[What needs to be done]:
Without pictures, return the lines from the one containing "颈饰未镶嵌翡翠2386" through the last line of the data below, exactly.

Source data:
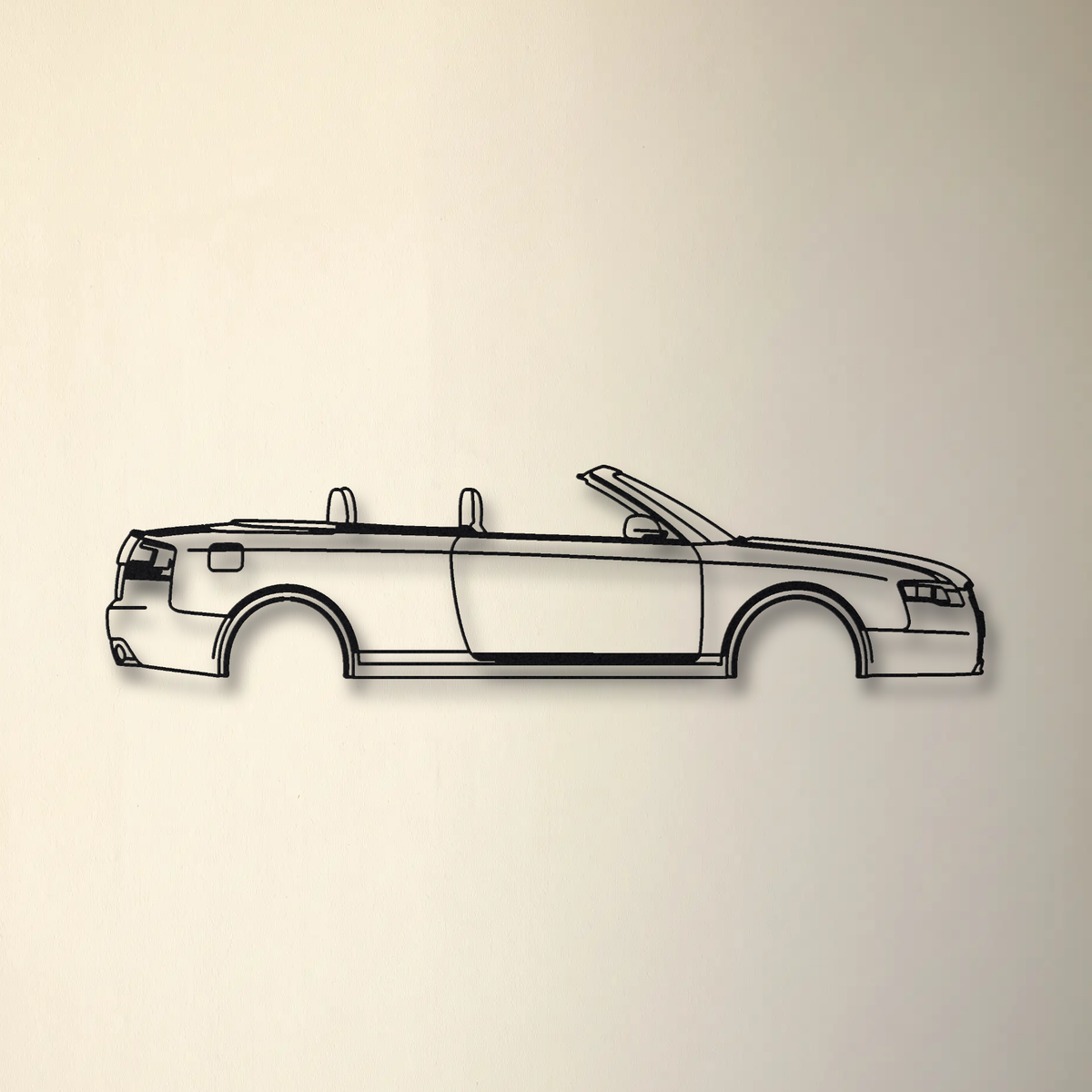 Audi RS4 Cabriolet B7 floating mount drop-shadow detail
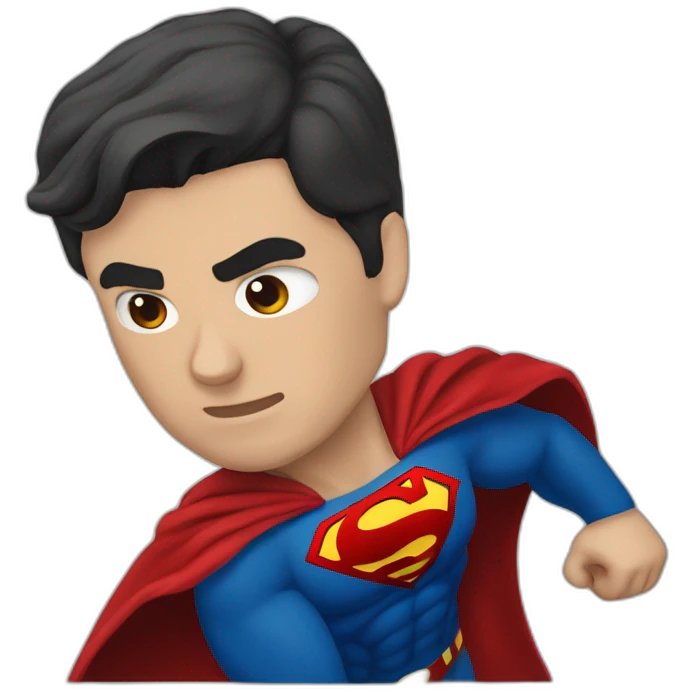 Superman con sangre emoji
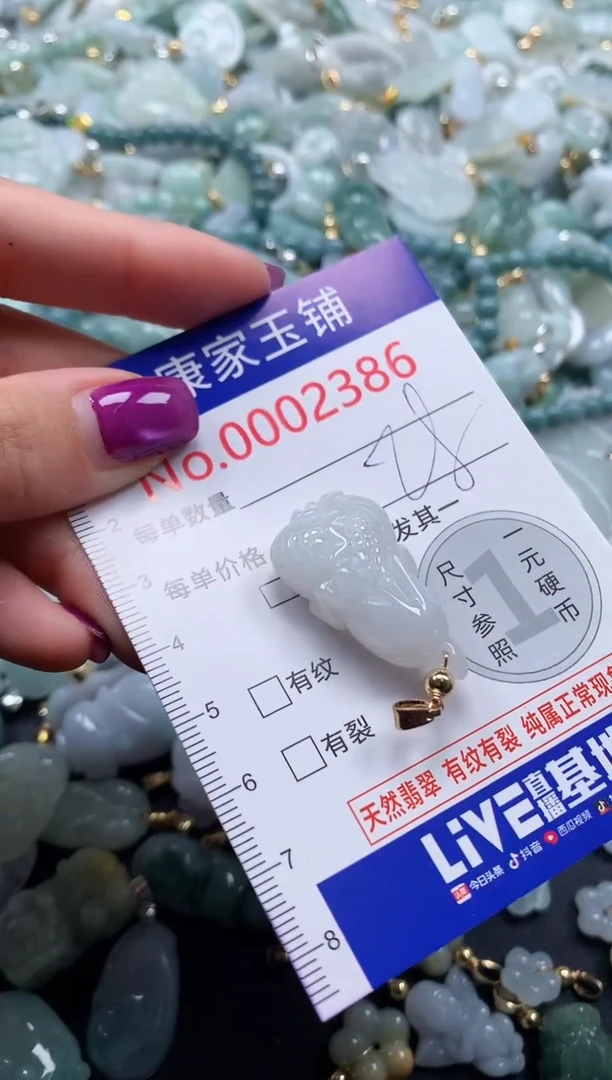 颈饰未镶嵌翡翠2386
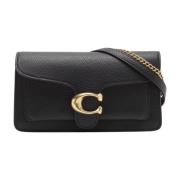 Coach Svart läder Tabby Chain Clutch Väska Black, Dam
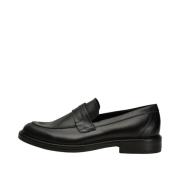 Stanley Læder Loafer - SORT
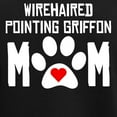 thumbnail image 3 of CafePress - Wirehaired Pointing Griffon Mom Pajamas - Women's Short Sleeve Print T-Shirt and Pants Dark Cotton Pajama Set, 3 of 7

[Result of this exercise]:
 颈饰未镶嵌翡翠2386
 Coach Svart läder Tabby Chain Clutch Väska Black, Dam
 Stanley Læder Loafer - SORT
 thumbnail image 3 of CafePress - Wirehaired Pointing Griffon Mom Pajamas - Women's Short Sleeve Print T-Shirt and Pants Dark Cotton Pajama Set, 3 of 7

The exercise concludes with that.